If you want to experience the distinctive aroma of bayberry in candle form, be sure to look for ones made with natural bayberry wax, not just fragranced with synthetic essential oils. This will provide the truest and most authentic bayberry scent profile when burning.

Decorating with Bayberries

Bayberry candles and wreaths are a beautiful way to complement your seasonal holiday decor. The warm, spicy scent of bayberries evokes the spirit of the holidays. Here are some tips for decorating with bayberries:

On your holiday table, nestle small bayberry candles among pinecones, holly berries, and evergreen trimmings for a natural winter look. Bayberry wreaths also make lovely centerpieces. Surround a large pillar candle with fresh bayberry wreaths, pinecones, berries, and ornaments for an inviting tablescape.

Hang bayberry wreaths on your front door or above the fireplace mantel. Intertwine them with fresh winter greenery such as holly, pine, and cedar. Accent with red bows or ornaments for a festive flair. Place matching bayberry candles on the mantel or console table to tie the look together.

Arrange small bayberry candles and potpourri on side tables, buffets, shelves, and other surfaces throughout your home. Cluster them with holiday decorations like nutcrackers, little Christmas trees, snow globes, and plaid ribbon. The warm scent will infuse your rooms with seasonal spirit.

With their nostalgic scent and natural beauty, bayberries are a rustic and elegant way to decorate for the holidays. Let them inspire you to create an inviting ambiance throughout the whole season.

Caring for Bayberry Candles

Bayberry candles require some special care to maintain their scent and burn properties. Here are some tips for properly storing and caring for your bayberry candles:

Storage and Shelf Life: Like other candles, bayberry candles have a shelf life. The vegetable oils in bayberry candles can go rancid over time.
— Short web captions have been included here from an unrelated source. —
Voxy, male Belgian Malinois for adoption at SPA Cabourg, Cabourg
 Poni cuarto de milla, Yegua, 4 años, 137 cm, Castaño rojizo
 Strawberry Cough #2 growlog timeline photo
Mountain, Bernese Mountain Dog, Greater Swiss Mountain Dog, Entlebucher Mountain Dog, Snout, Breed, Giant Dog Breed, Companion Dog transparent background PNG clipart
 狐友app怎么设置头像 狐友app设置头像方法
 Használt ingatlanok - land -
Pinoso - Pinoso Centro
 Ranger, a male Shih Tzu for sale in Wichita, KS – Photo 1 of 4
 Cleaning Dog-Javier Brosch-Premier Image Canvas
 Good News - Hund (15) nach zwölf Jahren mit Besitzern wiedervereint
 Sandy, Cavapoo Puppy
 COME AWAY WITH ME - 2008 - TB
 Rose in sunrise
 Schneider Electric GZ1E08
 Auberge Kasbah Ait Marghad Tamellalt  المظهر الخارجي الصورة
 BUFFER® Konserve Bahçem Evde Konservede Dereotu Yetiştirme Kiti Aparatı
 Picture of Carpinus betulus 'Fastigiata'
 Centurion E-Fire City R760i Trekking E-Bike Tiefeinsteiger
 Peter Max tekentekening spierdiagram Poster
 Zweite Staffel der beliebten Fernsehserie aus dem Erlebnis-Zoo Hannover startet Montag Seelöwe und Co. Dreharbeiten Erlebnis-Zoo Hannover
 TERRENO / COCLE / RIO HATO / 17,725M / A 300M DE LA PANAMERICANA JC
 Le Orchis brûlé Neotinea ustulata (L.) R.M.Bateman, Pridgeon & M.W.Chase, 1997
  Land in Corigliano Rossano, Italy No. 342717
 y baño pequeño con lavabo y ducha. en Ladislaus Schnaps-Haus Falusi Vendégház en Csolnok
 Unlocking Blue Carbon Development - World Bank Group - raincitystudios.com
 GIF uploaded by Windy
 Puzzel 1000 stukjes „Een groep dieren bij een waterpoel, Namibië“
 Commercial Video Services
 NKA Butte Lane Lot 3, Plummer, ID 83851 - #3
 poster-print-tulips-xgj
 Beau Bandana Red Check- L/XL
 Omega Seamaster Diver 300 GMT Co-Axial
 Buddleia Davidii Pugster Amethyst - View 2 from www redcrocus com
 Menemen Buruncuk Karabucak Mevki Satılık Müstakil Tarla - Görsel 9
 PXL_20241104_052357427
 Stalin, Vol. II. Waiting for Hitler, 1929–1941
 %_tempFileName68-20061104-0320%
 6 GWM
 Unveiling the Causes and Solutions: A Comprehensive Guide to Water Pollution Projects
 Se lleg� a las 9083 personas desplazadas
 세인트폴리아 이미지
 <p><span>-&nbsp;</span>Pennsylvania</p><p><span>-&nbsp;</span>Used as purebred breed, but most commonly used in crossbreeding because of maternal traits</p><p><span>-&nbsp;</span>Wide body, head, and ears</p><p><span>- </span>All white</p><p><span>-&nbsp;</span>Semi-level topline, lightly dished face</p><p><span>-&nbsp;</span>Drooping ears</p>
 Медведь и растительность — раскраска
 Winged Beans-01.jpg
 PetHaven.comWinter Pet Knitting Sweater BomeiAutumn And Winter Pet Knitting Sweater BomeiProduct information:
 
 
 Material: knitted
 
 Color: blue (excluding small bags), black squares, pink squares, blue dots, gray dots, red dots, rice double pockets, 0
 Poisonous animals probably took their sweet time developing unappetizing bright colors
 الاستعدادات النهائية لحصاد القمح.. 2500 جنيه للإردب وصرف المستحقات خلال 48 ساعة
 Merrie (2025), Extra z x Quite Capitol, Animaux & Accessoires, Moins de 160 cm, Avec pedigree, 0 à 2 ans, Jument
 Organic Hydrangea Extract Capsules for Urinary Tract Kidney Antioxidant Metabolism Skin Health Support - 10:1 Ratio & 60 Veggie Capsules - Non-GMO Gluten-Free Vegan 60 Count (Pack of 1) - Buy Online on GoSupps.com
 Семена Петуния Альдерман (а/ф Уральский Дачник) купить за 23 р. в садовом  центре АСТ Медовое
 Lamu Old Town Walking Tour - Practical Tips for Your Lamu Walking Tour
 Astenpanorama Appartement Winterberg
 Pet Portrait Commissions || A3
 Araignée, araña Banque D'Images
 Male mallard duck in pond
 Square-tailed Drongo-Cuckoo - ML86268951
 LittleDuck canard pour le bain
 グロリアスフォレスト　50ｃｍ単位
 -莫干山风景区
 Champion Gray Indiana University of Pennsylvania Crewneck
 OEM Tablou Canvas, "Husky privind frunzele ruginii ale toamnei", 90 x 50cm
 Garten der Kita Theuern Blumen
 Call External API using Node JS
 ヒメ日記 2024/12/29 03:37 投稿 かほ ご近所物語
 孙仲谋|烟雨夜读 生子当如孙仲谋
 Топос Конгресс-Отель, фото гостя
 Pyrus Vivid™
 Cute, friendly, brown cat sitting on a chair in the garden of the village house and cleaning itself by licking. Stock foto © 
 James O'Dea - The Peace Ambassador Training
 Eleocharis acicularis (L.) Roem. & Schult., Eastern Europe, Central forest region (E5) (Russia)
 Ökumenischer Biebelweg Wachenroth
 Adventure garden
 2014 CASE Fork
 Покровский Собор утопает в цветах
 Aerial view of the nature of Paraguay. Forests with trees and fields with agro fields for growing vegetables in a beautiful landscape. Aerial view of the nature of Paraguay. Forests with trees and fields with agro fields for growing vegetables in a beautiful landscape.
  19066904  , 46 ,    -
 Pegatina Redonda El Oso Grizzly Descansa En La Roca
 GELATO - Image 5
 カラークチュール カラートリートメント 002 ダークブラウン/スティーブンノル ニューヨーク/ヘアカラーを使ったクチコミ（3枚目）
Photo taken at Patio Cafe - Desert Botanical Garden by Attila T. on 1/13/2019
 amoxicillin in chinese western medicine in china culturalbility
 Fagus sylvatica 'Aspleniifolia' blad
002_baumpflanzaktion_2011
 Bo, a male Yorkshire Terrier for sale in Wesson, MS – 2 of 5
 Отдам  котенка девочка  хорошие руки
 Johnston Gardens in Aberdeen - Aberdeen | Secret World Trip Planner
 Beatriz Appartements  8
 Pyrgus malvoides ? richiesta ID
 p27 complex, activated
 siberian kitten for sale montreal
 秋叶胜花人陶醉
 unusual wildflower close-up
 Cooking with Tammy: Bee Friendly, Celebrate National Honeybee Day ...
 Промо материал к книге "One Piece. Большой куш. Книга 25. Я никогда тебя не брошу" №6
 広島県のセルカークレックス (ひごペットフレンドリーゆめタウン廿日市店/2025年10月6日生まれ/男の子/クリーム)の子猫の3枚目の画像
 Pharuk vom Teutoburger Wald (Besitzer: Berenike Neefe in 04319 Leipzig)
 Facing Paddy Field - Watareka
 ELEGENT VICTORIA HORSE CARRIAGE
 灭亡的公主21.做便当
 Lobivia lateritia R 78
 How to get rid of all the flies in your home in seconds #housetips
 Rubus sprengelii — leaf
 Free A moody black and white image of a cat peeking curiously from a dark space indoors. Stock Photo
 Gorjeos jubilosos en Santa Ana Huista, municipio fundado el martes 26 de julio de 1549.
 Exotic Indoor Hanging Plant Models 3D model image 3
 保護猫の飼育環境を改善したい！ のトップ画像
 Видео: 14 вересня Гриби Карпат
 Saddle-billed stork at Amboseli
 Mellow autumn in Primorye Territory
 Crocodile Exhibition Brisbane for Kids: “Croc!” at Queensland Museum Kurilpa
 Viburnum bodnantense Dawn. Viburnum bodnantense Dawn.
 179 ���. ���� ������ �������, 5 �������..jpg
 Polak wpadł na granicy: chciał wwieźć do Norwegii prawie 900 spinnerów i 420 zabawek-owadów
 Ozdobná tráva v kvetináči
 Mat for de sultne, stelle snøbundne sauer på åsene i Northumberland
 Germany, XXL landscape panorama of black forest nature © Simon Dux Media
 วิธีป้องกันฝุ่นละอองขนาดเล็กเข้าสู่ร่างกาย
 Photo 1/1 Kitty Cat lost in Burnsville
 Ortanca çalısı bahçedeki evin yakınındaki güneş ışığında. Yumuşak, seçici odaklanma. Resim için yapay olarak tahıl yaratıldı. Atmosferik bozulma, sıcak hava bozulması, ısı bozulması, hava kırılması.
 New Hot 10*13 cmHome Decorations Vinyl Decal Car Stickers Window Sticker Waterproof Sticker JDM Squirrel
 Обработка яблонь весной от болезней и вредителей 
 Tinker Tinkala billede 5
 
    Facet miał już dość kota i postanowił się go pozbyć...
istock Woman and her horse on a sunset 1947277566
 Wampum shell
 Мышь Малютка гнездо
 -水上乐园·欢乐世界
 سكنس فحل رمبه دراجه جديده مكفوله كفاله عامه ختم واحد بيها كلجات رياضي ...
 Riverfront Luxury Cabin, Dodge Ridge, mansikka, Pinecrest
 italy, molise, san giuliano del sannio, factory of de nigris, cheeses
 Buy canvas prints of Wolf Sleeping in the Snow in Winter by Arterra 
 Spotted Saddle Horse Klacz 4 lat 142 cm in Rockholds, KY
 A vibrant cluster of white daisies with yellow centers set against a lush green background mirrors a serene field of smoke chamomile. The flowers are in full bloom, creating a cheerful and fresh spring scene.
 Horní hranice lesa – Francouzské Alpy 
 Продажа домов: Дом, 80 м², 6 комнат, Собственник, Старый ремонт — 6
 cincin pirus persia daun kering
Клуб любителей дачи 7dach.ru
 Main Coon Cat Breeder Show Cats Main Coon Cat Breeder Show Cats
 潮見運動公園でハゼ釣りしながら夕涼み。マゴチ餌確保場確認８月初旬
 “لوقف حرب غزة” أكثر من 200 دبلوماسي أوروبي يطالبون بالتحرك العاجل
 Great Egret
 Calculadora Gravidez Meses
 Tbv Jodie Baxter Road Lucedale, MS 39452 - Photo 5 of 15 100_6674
Store your bayberry candles in a cool, dark place like a cupboard or drawer. Keep them away from heat, humidity, and direct sunlight which can all degrade the candles more quickly. With proper storage, bayberry candles can last 1-2 years before starting to lose their scent and effectiveness.

Signs of Expired Candles: Check your bayberry candles occasionally for signs they are past their prime. Candles that are too old may stop burning evenly, tunnel, or lose their shape. The color may become faded or take on a spotty appearance. Most notably, old bayberry candles will have a weak scent or the fragrance may turn unpleasant. If you notice these signs it’s best to replace the candle.


Bayberry candles have a long history of symbolizing hope, prosperity, and the holiday spirit. The folklore origin dates back to colonial America when candles were made from the wax of the bayberry shrub by American settlers. The difficulty of extracting the wax meant the handmade candles were treasured gifts. Over time, the candles became a New England Christmas tradition representing hearth and home.

Today, bayberry candles remain a beloved part of Christmas and winter holiday decor. The traditional scent of bayberry fills homes with nostalgia and memories of the season. While store-bought bayberry candles are more common, some still handcraft their own bayberries each holiday. Burning bayberry candles on Christmas Eve or New Year’s Eve keeps their special magic alive.

With their distinctive spicy aroma and connection to holiday folklore, bayberry candles continue to be a treasured tradition. Their warm, nostalgic glow keeps the spirit of hope and prosperity alive even today.